Leonardo da Vinci ve Merak Dolu Defterim
Merhaba. Benim adım Leonardo da Vinci. Çok uzun zaman önce, İtalya'nın Floransa adında güneşli ve güzel bir şehrinde yaşadım. Ben hem bir sanatçı hem de bir mucittim. Şehrimin sokaklarında dolaşırken havada heyecan verici bir şeyler olduğunu hissederdim. Sanki dünya uzun bir uykudan uyanıyor ve her köşe başında yeni fikirler çiçek açıyordu. Çocukken inanılmaz derecede meraklıydım. Her zaman 'Neden gökyüzü mavi?' veya 'Kuşlar nasıl uçar?' gibi sorular sorardım. Yanımdan hiç ayırmadığım bir defterim vardı. Gördüğüm her şeyin resmini çizerdim: uçan bir kuşun kanatları, ilginç bir çiçeğin yaprakları, hatta yoldan geçen insanların komik yüz ifadeleri. Bu defter benim en büyük hazinemdi çünkü dünyayı anlamama yardımcı oluyordu. Her sayfa yeni bir macera, yeni bir keşifti ve ben öğrenmekten asla yorulmazdım.

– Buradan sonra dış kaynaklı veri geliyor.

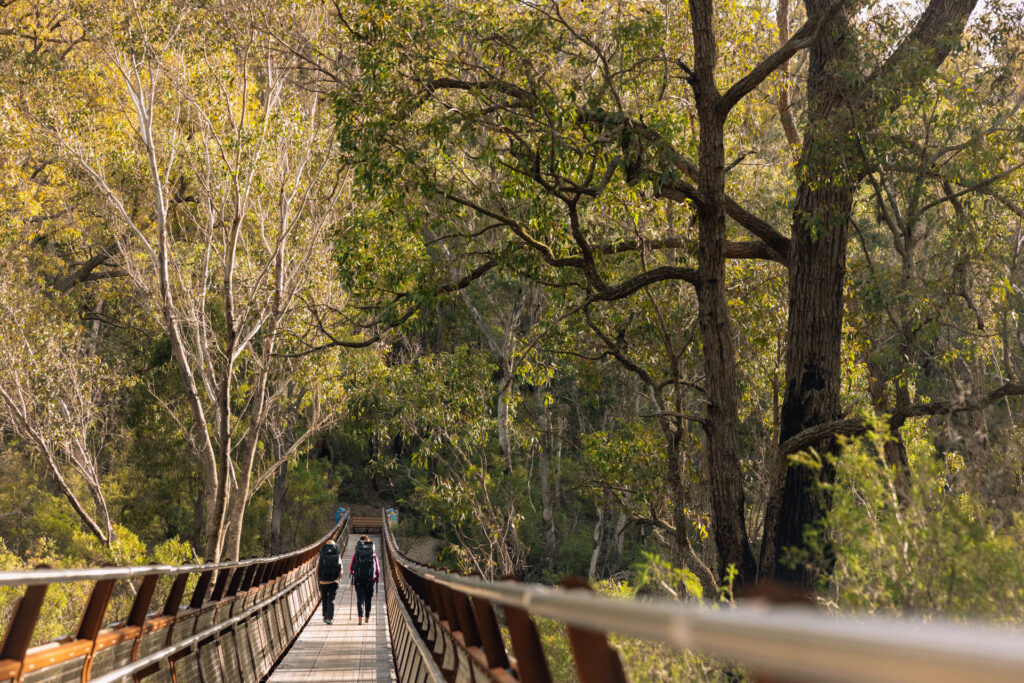 Kaniyang-Wiilman-Suspenion-Bridge_Hiking_Jarrad-Seng_2023-66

Atölyeme hoş geldiniz. Burası benim harikalar diyarımdı. İçerisi boya, ahşap ve tuhaf aletlerin kokusuyla doluydu. Her yerde yarım kalmış resimler, heykeller ve icatlar için yaptığım çizimler vardı. Resim yapmak benim için hem zorlu hem de çok keyifli bir işti. Mesela, en ünlü tablolarımdan biri olan Mona Lisa'yı yaparken saatlerce uğraştığımı hatırlıyorum. Onun yüzündeki o gizemli gülümsemeyi yakalamaya çalışıyordum. Acaba ne düşünüyordu da öyle gülümsüyordu. Bu gülümseme, tabloya bakan herkesin merak etmesini sağlıyordu. Ama benim en büyük ve en gizli hayalim uçmaktı. Geceleri yarasaların sessizce nasıl süzüldüğünü izler ve onların kanat yapılarını defterime çizerdim. Onlardan ilham alarak, insanların da bir gün gökyüzünde kuşlar gibi süzülebileceği bir makine tasarladım. Kocaman, yarasa kanatlarına benzeyen kanatları vardı. Belki o zaman işe yaramadı ama bir gün insanların uçacağını biliyordum. Bu hayal bile beni çok heyecanlandırıyordu.
Yaşadığım bu harika zamana Rönesans deniyordu. Bu kelime 'yeniden doğuş' anlamına geliyordu. Gerçekten de öyleydi. Sanki sanat, bilim ve düşünce yeniden doğuyordu. Benim gibi insanlar, insanların inanılmaz şeyler yapabileceğine inanıyordu. Sadece resim yapmak veya heykeller yontmakla kalmıyor, aynı zamanda dünyayı anlamaya çalışıyorduk. Benim gibi bir sürü arkadaşım vardı. Mesela arkadaşım Michelangelo, devasa mermer bloklarından inanılmaz heykeller yapardı. Hepimiz daha güzel ve daha akıllı bir dünya yaratmak için çalışıyorduk. Size bir sır vereyim mi. Dünyayı değiştirmenin anahtarı meraktır. Her zaman soru sorun, etrafınızdaki dünyayı dikkatle gözlemleyin ve kendi defterlerinizi fikirlerle, çizimlerle doldurun. Çünkü sizin yaratıcılığınız da bir gün dünyayı değiştirebilir.